Building Parse Trees


Classes that Need to be Declared

In order to construct a parse tree you will need to declare a class for each non-terminal and each production in your grammar. The class for each non-terminal should be declared as abstract and each of the non-terminal's productions should be declared as a subclass. If a terminal carries information, such as a number or id, then that terminal should also have its own top-level class. If a terminal has only one possible value or is a punctuation character, there is no need to store it since you will know its value based on its production. For example, if you have the production E -> E - E, there is no need to store the minus sign since you will know that the production represents a minus expression.

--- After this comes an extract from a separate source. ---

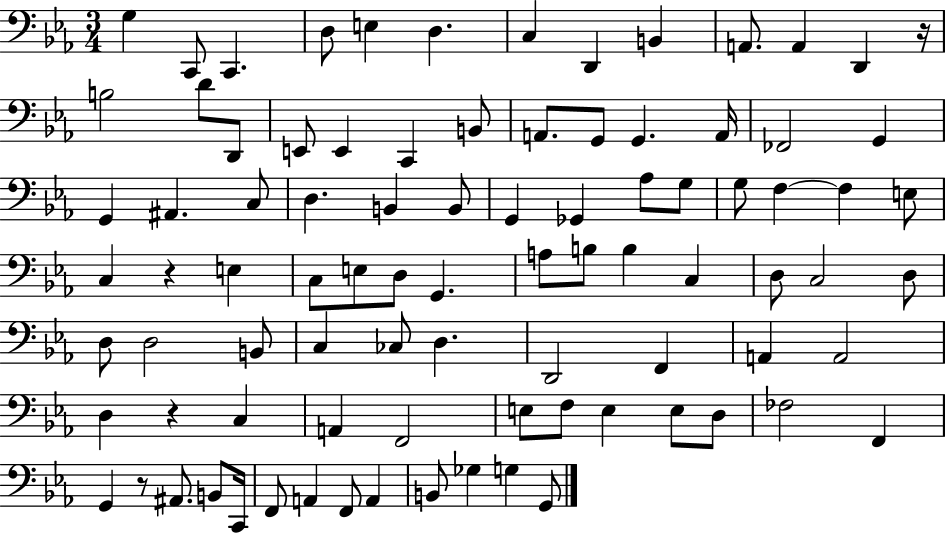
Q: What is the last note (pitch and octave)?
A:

In each production's subclass you will need to have pointers to nodes that represent non-terminals on the right hand side of the production. If there are terminals that carry information, such as numbers or ids, then you will need to pointers to those nodes as well. The reason that productions should be subclasses of their left hand side nonterminal is that they expand that nonterminal and therefore represent one of the potential subtrees rooted at that nonterminal.

As an example of how you might construct a parse tree, consider the following grammar:

Pgm -> Exp
Exp -> number | Exp + Exp | Exp - Exp
The nonterminals are Pgm and E so we need abstract classes for these two nonterminals:
abstract class Exp {}
abstract class Pgm {}
The terminal number needs to have a class as well which stores the value of the number:
class Number extends Exp {
    int number; 

    public Number(Integer num) {
       number = num.integerValue(num);
    }
}
Pgm has only one production so it has one subclass:
class PgmExpression extends Pgm {
    Exp child;
    public PgmExpression(Exp e) { child = e; }
}
Note that this class has a pointer to an expression because the parse tree rooted at Pgm will expand to an Exp node. Also note that the Exp node represents an abstract class and hence any production subclass of Exp can be passed as the child node.

Next we define the remaining two subclass productions for Exp:

class MinusExp extends Exp {
    Exp child1;
    Exp child2;

  public MinusExp(Exp left, Exp right) {
    child1 = left;
    child2 = right;
  }
}

class PlusExp extends Exp {
    Exp child1;
    Exp child2;

  public PlusExp(Exp left, Exp right) {
    child1 = left;
    child2 = right;
  }
}


Building Parse Trees in JCUP

Now suppose that we want to use JCUP to build a parse tree for strings that can be generated using this grammar. Here is how the JCUP specification might be written:

parser code {:
    public static void main(String args[]) throws Exception {
          // The root of the parse tree will be a Pgm object
	  Pgm = new parser(new Yylex(System.in)).parse();
    }
:}

terminal ADD, MINUS;
terminal Integer NUM;
non terminal Exp expr;
non terminal Pgm pgm;

// associativity declarations for ADD, MINUS
precedence left ADD, MINUS;

pgm ::= expr:e {: RESULT = new PgmExpression(e); :}

expr ::= NUM:n {: RESULT = new Number(n); :}
      |  expr:l ADD expr:r {: RESULT = new PlusExp(l, r); :}
      |  expr:l MINUS expr:r {: RESULT = new MinusExp(l, r); :}